Once the line holding "Honda Fit Hatchback, Petrol" is found in the entries below, restate it and each line after it word for word, with no pictures.

(Crawled caption data)
┏━━
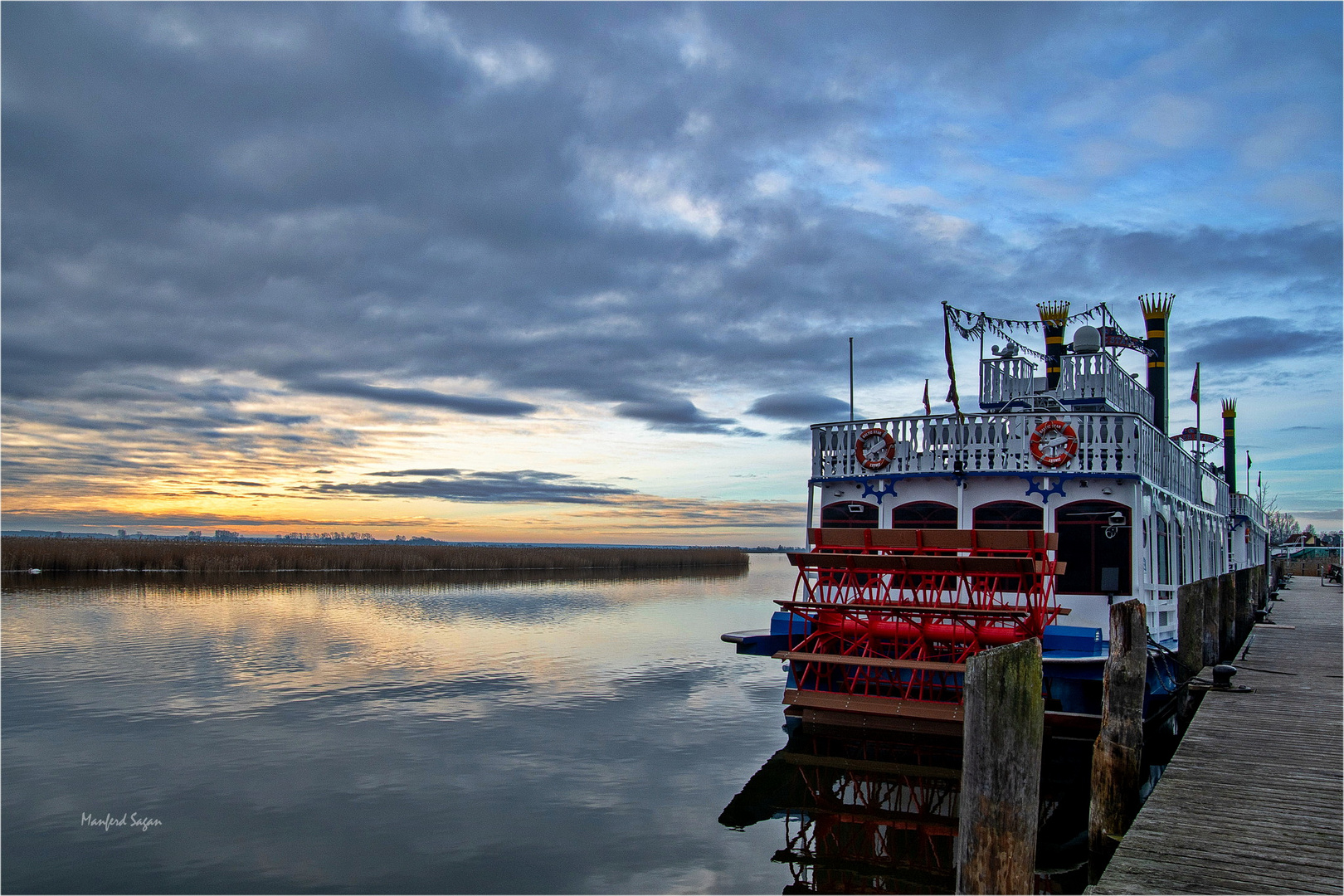 Mississippi Flair am Zingster Boddenhafen...  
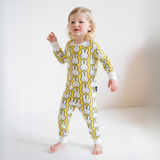 Bambino che indossa il completo pigiama in bambù per bambini Miffy Hello Yellow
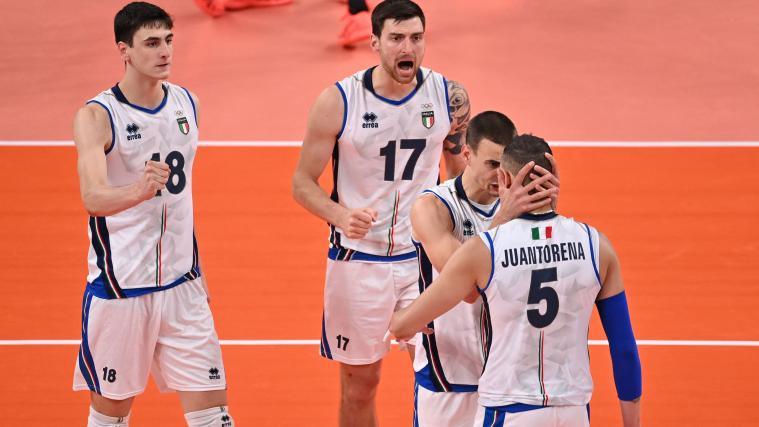 Simone Giannelli (2. von rechts) steht mit Italien im Viertelfinale.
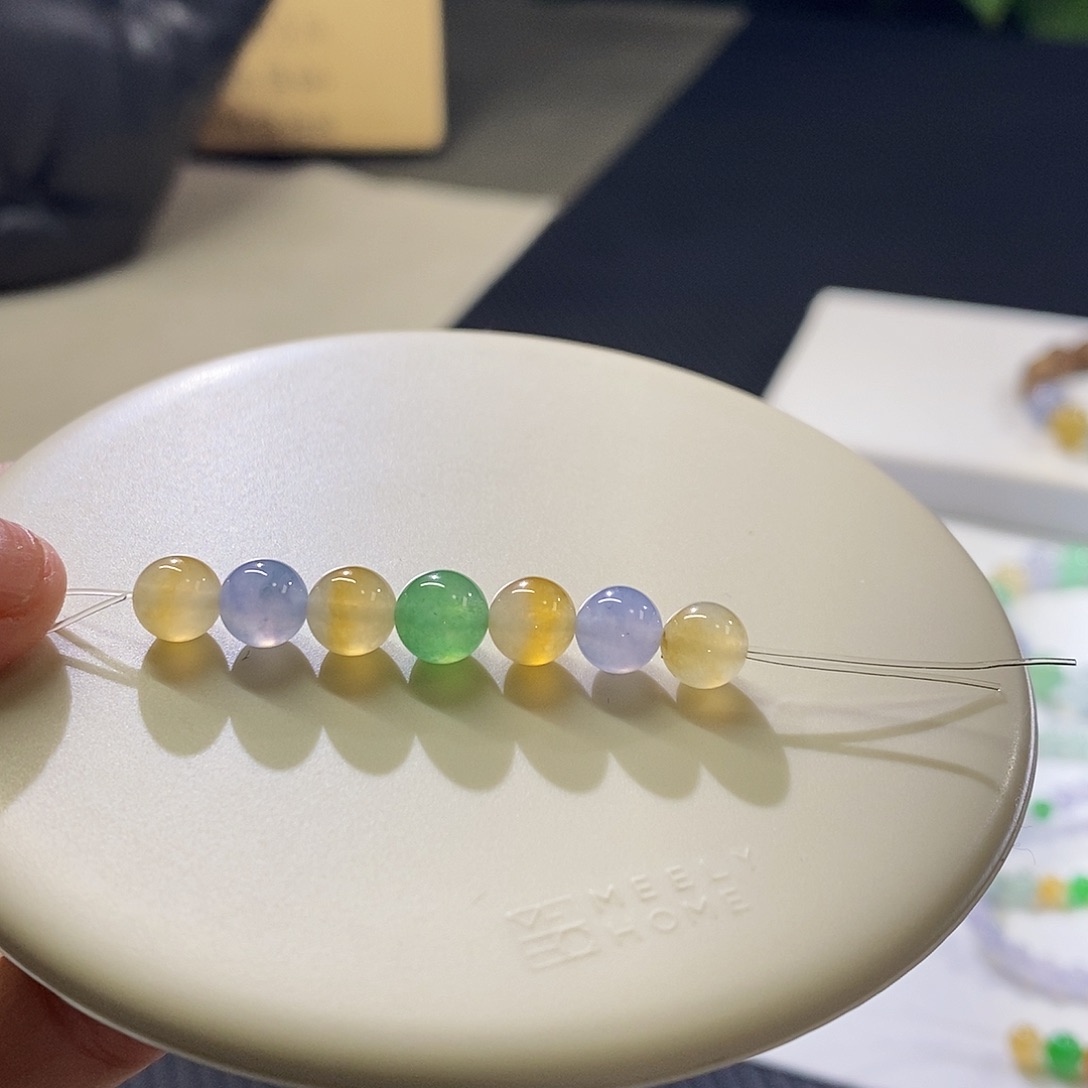 翡翠挂件未镶嵌福利买断一手珠珠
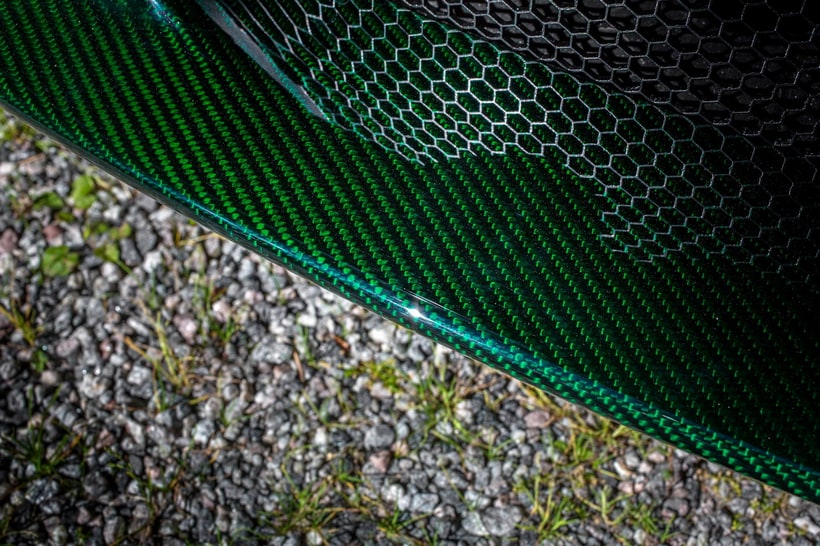 Aston Martin V8 Vantage S Swedish Forest Edition 7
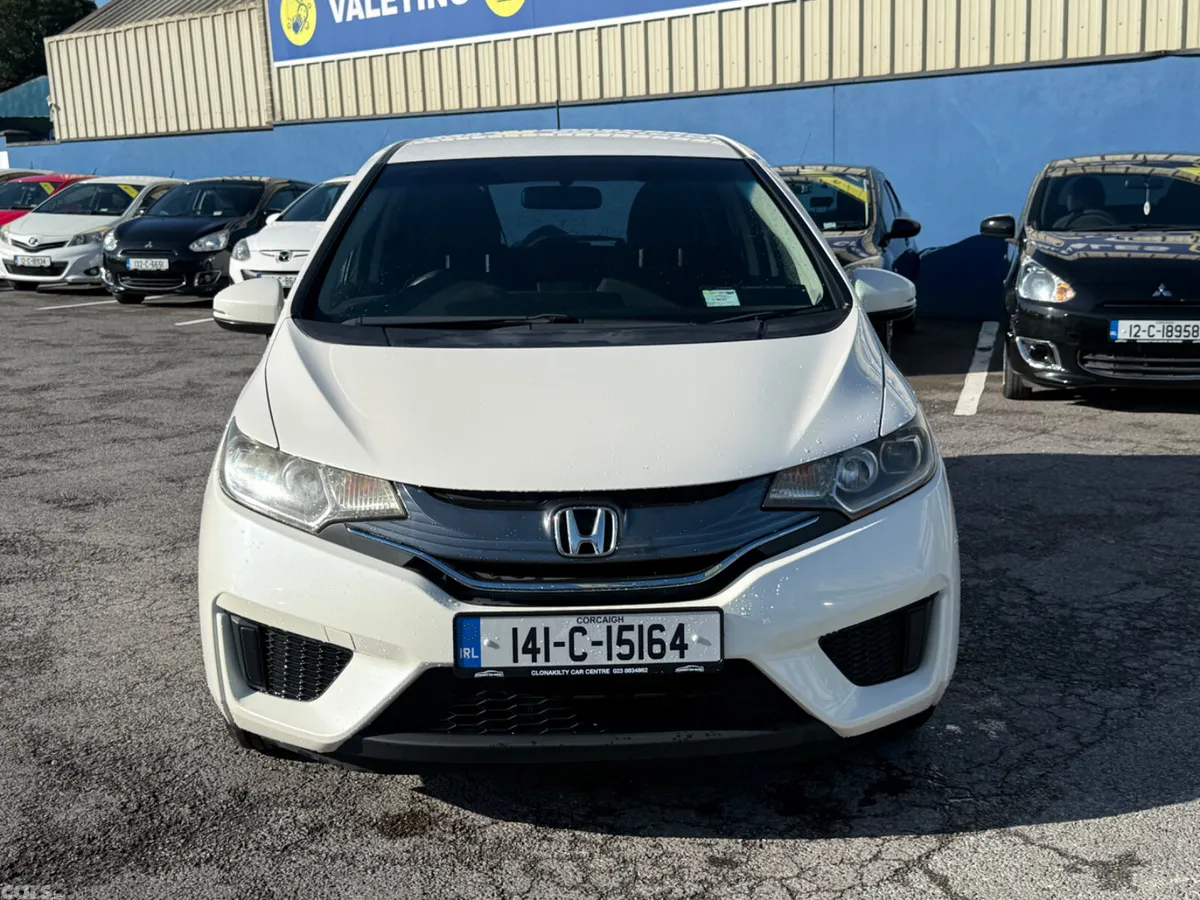 Honda Fit Hatchback, Petrol Hybrid, 2014, White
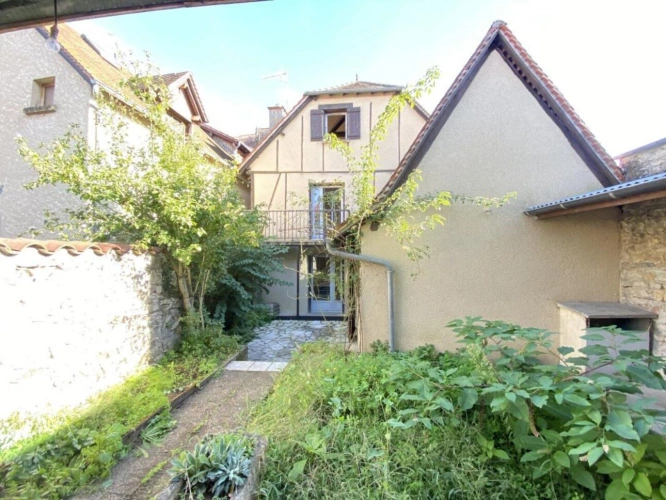 Photos 1 - Prestige - Charme & Rentabilité : rare Propriété Médiévale au Coeur du Quercy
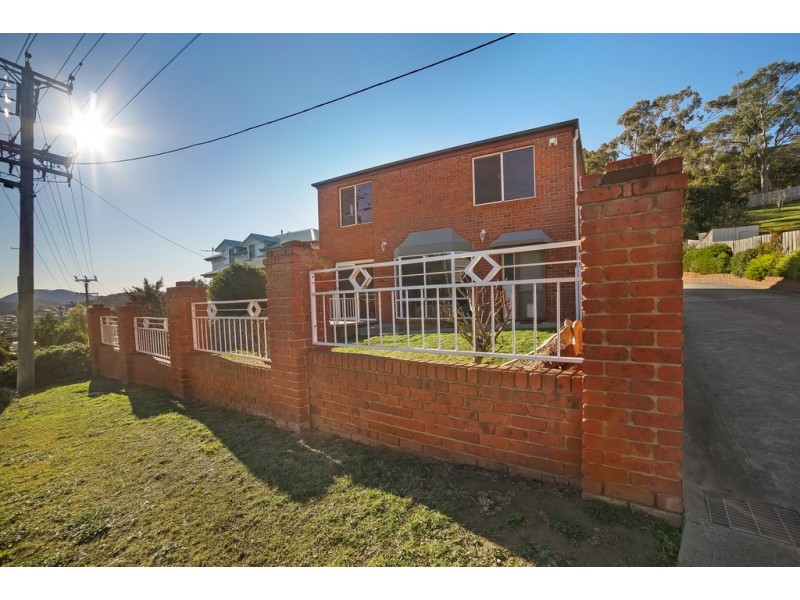 1/91 Gordons Hill Road, Lindisfarne TAS 7015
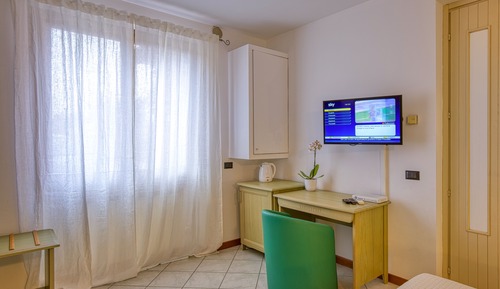 Basic Double Room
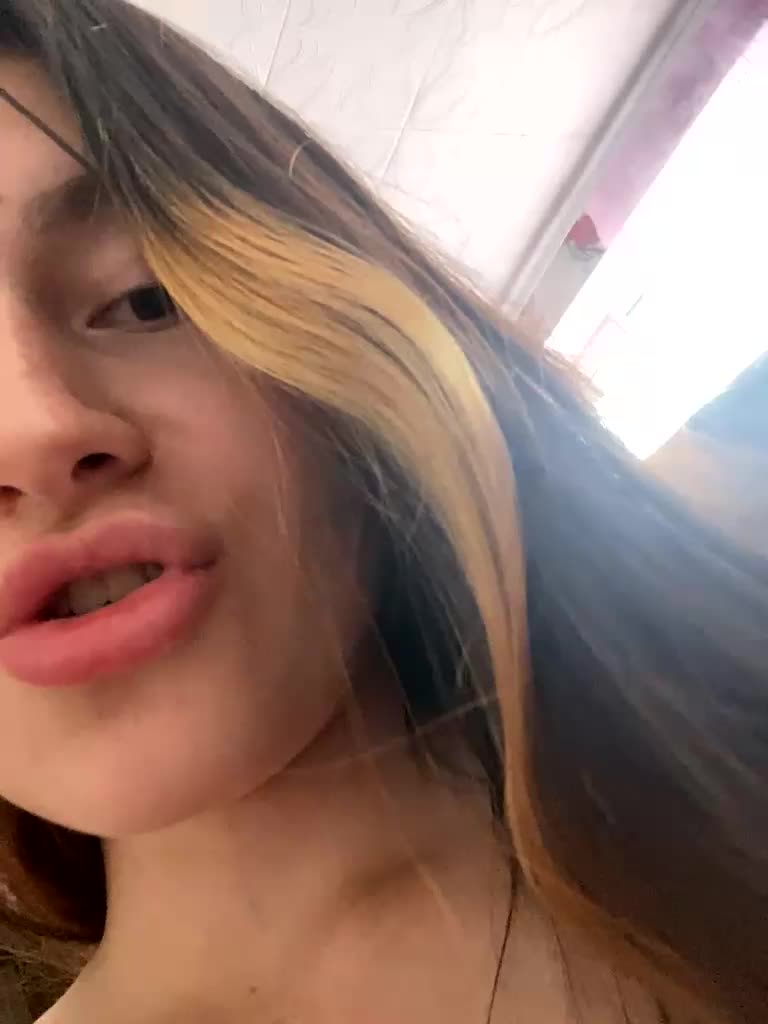 KristinaScott Live Sex December 13, 2025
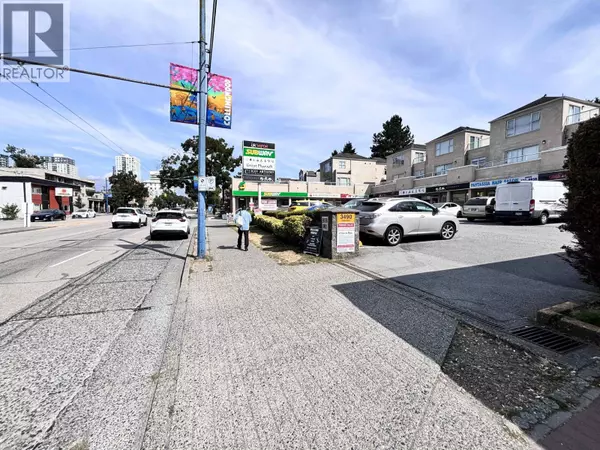 Vancouver, BC V5R5L7,3490 KINGSWAY #10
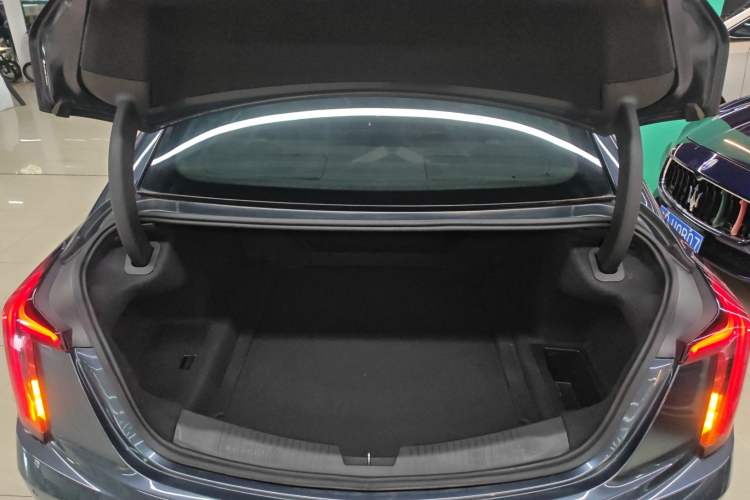 Used Cadillac CT5 2020 Revised Version 28T Luxury Edition Trunk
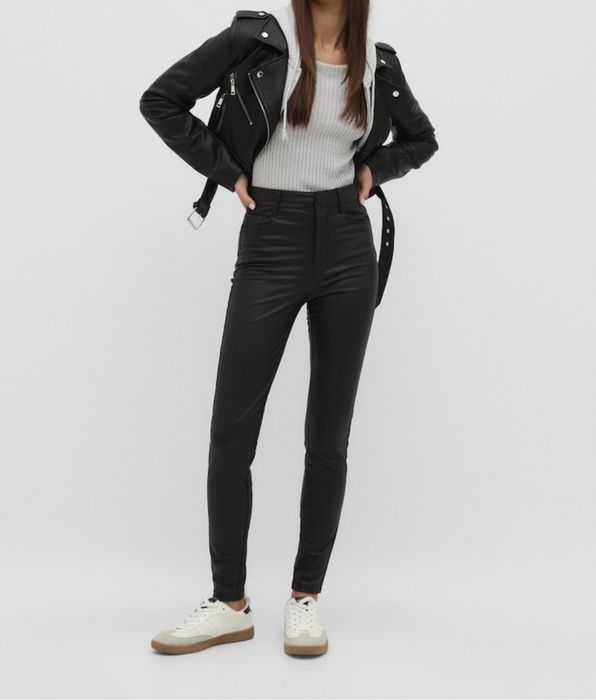 Штани з екошкіри Stradivarius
┗━━
Your response |
 Honda Fit Hatchback, Petrol Hybrid, 2014, White
 Photos 1 - Prestige - Charme & Rentabilité : rare Propriété Médiévale au Coeur du Quercy
 1/91 Gordons Hill Road, Lindisfarne TAS 7015
 Basic Double Room
 KristinaScott Live Sex December 13, 2025
 Vancouver, BC V5R5L7,3490 KINGSWAY #10
 Used Cadillac CT5 2020 Revised Version 28T Luxury Edition Trunk
 Штани з екошкіри Stradivarius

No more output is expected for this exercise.